DJ REVOLUTION: I think it has a contributing factor when you get down to the studio experience and actually making the music. I definitely think that when you’re a DJ and you have that DJ edge and you bring that into the studio, it makes your music better. It’s like the difference between hiring a session musician to play the trumpet on your track and hiring an actual composer as well as a musician, somebody who knows how to write the music, knows what sounds good, someone who has a whole lot of experience.

And I think that if you weren’t a DJ, that doesn’t mean that you’re not going to be a great producer, but it just means that you would bring an edge if you were a DJ beforehand. I think what really makes the difference is in the perception of what a DJ does and is in Hip-Hop. Producers and MCs kinda just shut the door on the DJ; [they] shut him out of the videos, shut him out of actually having a feature on the song, shut him out of getting a shoutout on the record and saying “yo, check my DJ out”…

RIOTSOUND.COM: Why do you think that happened; because if we look at records from say the ‘80’s, almost every single artist was shouting out their DJ?
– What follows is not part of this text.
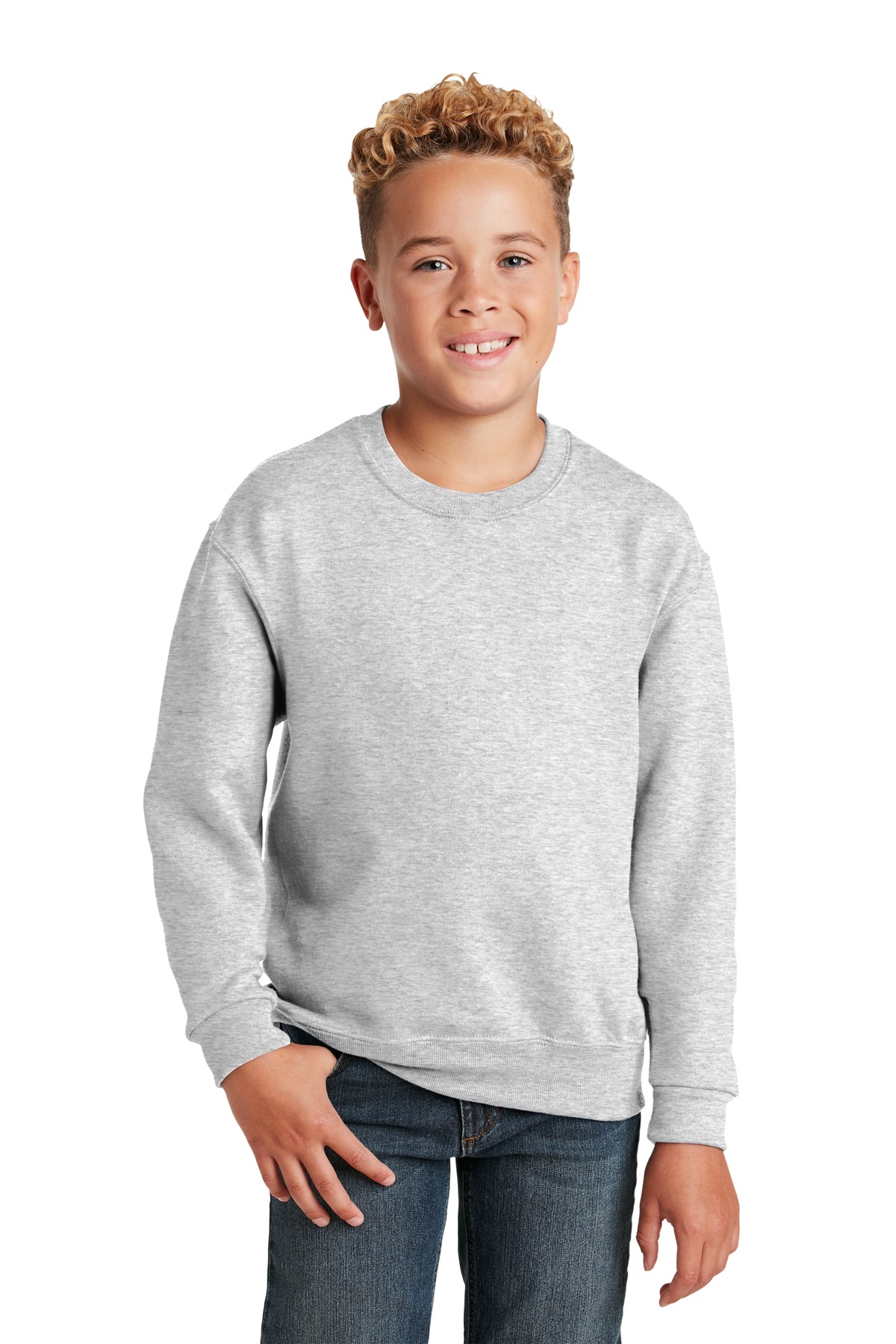 Jerzees ®  - Youth NuBlend ®  Crewneck Sweatshirt.  562B - Front Model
DJ REVOLUTION: It was [like that] in the ‘70’s, ‘80’s and the ‘90’s, all the way up to the mid ‘90’s. If you look at it, every group that was successful in the ‘80’s up to the mid ‘90’s had a DJ in the forefront. A Tribe Called Quest, EPMD, all these groups that sold millions of records all had a DJ as an integral part. The DJs were in all the videos, they were in all the tours, they did scratches on all the records. So the DJ was connected to the group. When you thought of EPMD, you usually though of DJ Scratch too; when you thought of Fresh Prince you thought of Jazzy Jeff, when you thought of A Tribe Called Quest you thought of Phife, Q-Tip and Ali-Shaheed, and Shaheed is the DJ and producer.

So that was monumental and it’s not like that anymore because look, for example, at Kanye West. Kanye West has one of the best DJs in the fucking universe at his disposal [DJ A-Trak]. But when people think of Kanye West, what do they think of? [pauses] Kanye West, that’s it. And I’m not saying that’s necessarily a bad thing and I can’t pinpoint when this trend started happening but as far as why it started happening, I think it’s both on the MC and the DJ. I think DJs started getting lazy and at the same time MCs started realizing that they could get real famous without the DJ and they stopped incorporating the DJs as much.

And then when DJs felt like they weren’t getting incorporated, they kind of splintered off into their own little subculture, and that’s when turntabism was born, which was strictly about scratching and doing all this other stuff. And then there was another subculture formed of just being a party DJ, and that was all people who were just strictly doing clubs. And then the mixtape DJ was born. It was all born because DJs are hustlers, we gotta hustle to survive with this shit. We don’t just rap, we gotta do a million different things. So if you take our food off the table, which was being part of a group, we gotta find other ways to do it, and we did. So you got all these little subcultures like, “I’m a mixtape DJ” or ”I’m a club DJ”, “I’m a radio DJ”, “I’m a turntablist” or “I’m a battle DJ”, I’m a blah blah blah blah… when it should just be “I’m a fucking DJ”. It’s really hard for people [these days] to really say what a DJ is and I’m trying to prove exactly what a DJ is again.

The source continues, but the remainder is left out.